**What is being asked**
The listing below has to be output exactly as given, less its pictures.

**Data provided**

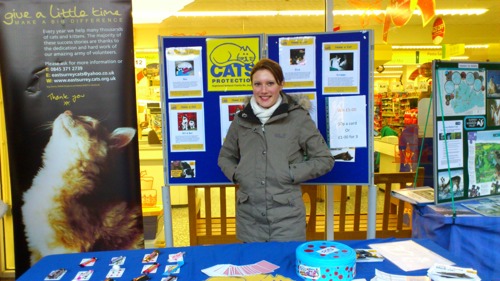Woman at Cats Protection stand at a Christmas fair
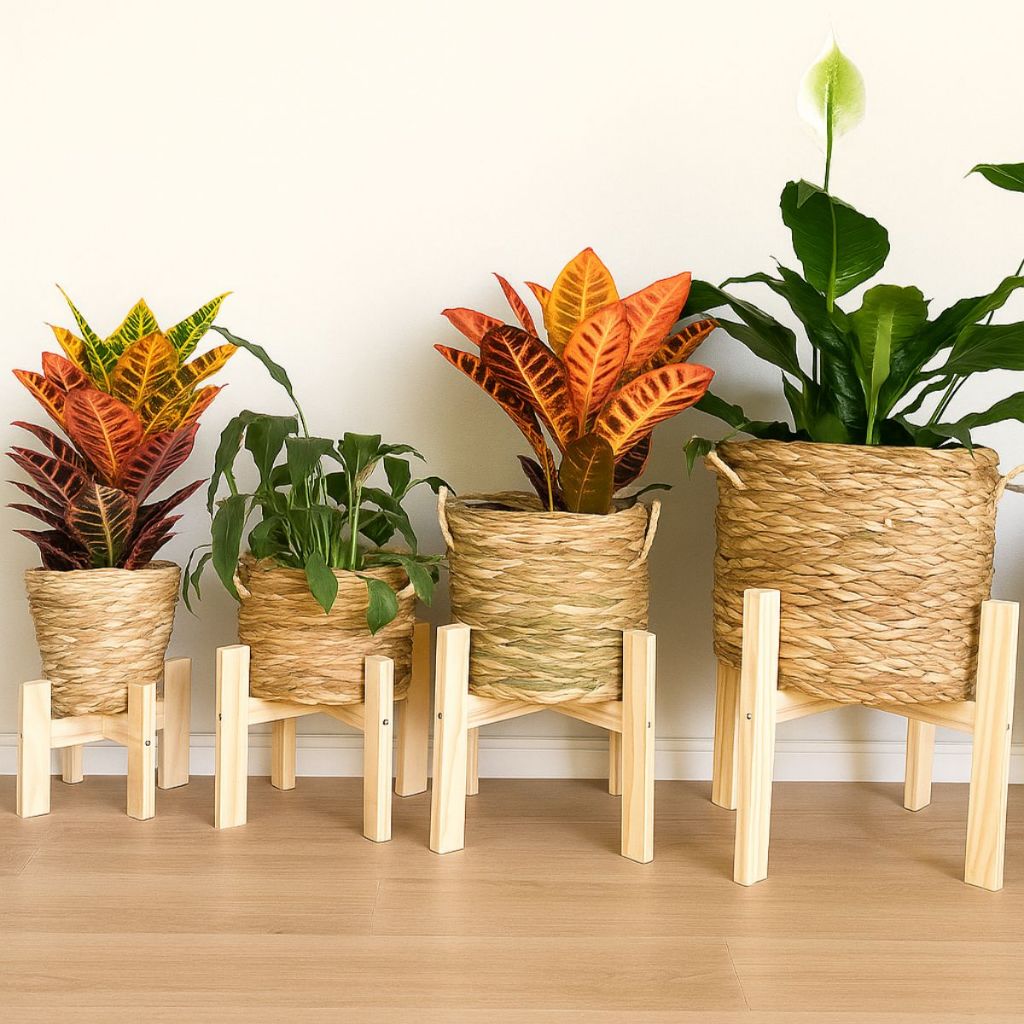 Suporte Madeira Pinus Vaso Planta Decoração Enfeite Ambiente Verde Jardim Casa Interiores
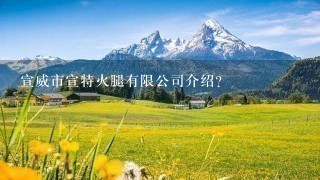 宣威市宣特火腿有限公司介绍? 宣威市宣特火腿有限公司介绍?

**Solution for this task**
Woman at Cats Protection stand at a Christmas fair
 Suporte Madeira Pinus Vaso Planta Decoração Enfeite Ambiente Verde Jardim Casa Interiores
 宣威市宣特火腿有限公司介绍? 宣威市宣特火腿有限公司介绍?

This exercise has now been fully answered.